## What the task asks
Only the lines of the data below from the one with "Vente Maison Limoges 87000 8 pieces 193 m2" through the one with "Foto inzerátu Prodej" are wanted. Repeat them exactly.

## Material for this exercise
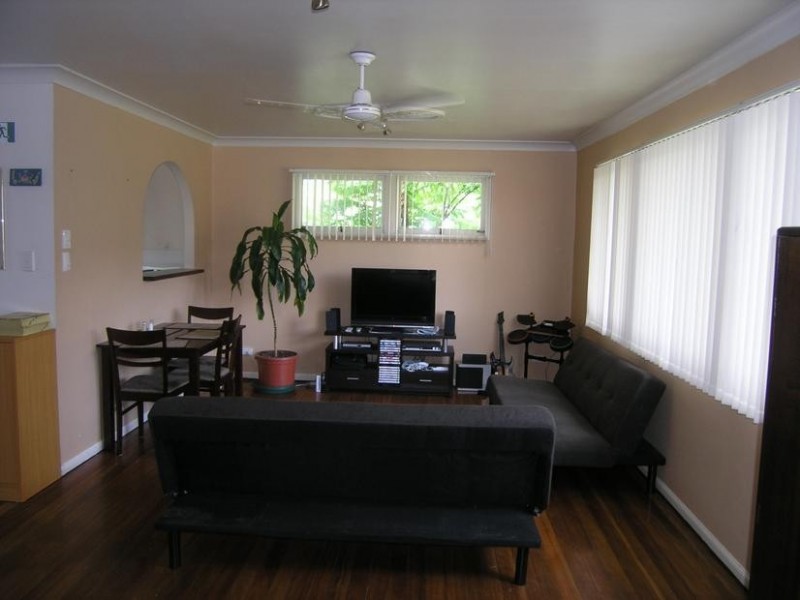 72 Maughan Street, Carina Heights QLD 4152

---

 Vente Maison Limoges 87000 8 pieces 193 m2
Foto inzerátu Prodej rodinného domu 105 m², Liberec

---

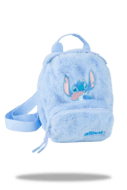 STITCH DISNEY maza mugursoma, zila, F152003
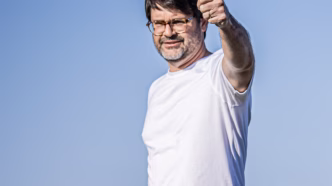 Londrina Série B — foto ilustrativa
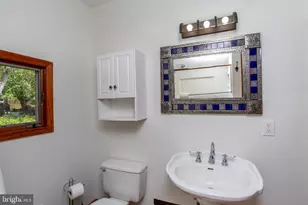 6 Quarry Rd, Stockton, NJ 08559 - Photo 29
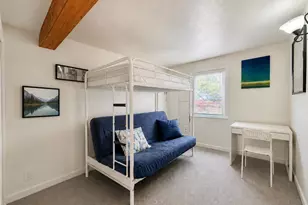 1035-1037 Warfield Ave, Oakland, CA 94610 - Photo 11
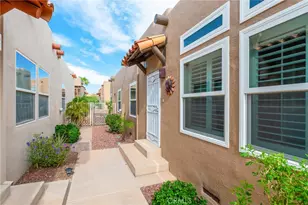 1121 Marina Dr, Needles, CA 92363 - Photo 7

## Exercise answer
 Vente Maison Limoges 87000 8 pieces 193 m2
Foto inzerátu Prodej rodinného domu 105 m², Liberec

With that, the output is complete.